Michael Botting

Personal information
- Full name: Michael Botting
- Batting: Unknown

Domestic team information
- 1829: Sussex

Career statistics
| Competition | First-class |
| Matches | 1 |
| Runs scored | 11 |
| Batting average | 11.00 |
| 100s/50s | –/– |
| Top score | 9* |
| Balls bowled | – |
| Wickets | – |
| Bowling average | – |
| 5 wickets in innings | – |
| 10 wickets in match | – |
| Best bowling | – |
| Catches/stumpings | –/– |
- Source: Cricinfo, 18 December 2011

= Michael Botting =

English cricketer

Michael Botting (dates of birth and death unknown) was an English cricketer. Botting's batting style is unknown. Although his date of birth is not recorded, it is known he was christened on 8 January 1795 at Wiston, Sussex.

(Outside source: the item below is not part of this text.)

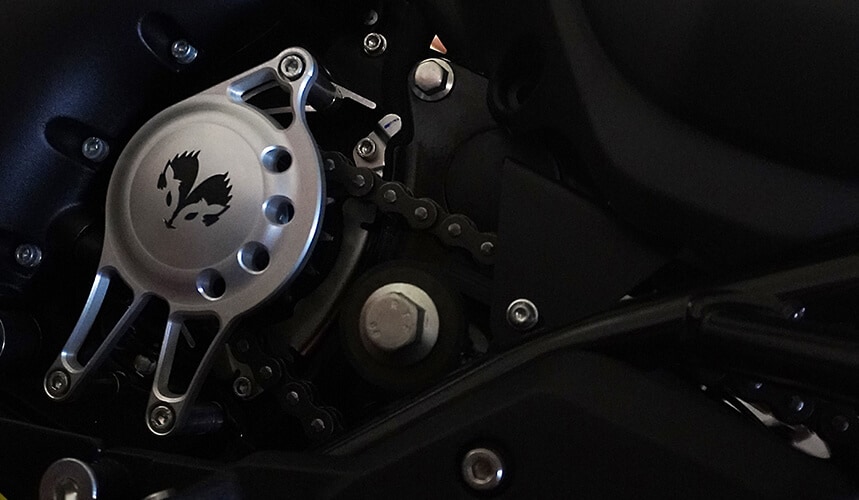 HNTR by Hedgehog Motorcycles - Royal Enfield Hunter 350 Custom Image 2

Botting made a single first-class appearance for Sussex against Kent at the Royal New Ground, Brighton in 1829. Kent were dismissed for 96 in their first-innings, in response Sussex were dismissed for 77, with Botting ending the innings unbeaten on 9. Kent were dismissed for just 44 in their second-innings, in response Sussex made 66/8 to win the match by 2 wickets, with Botting scoring 2 runs in that innings, though which bowler took his wicket is not recorded.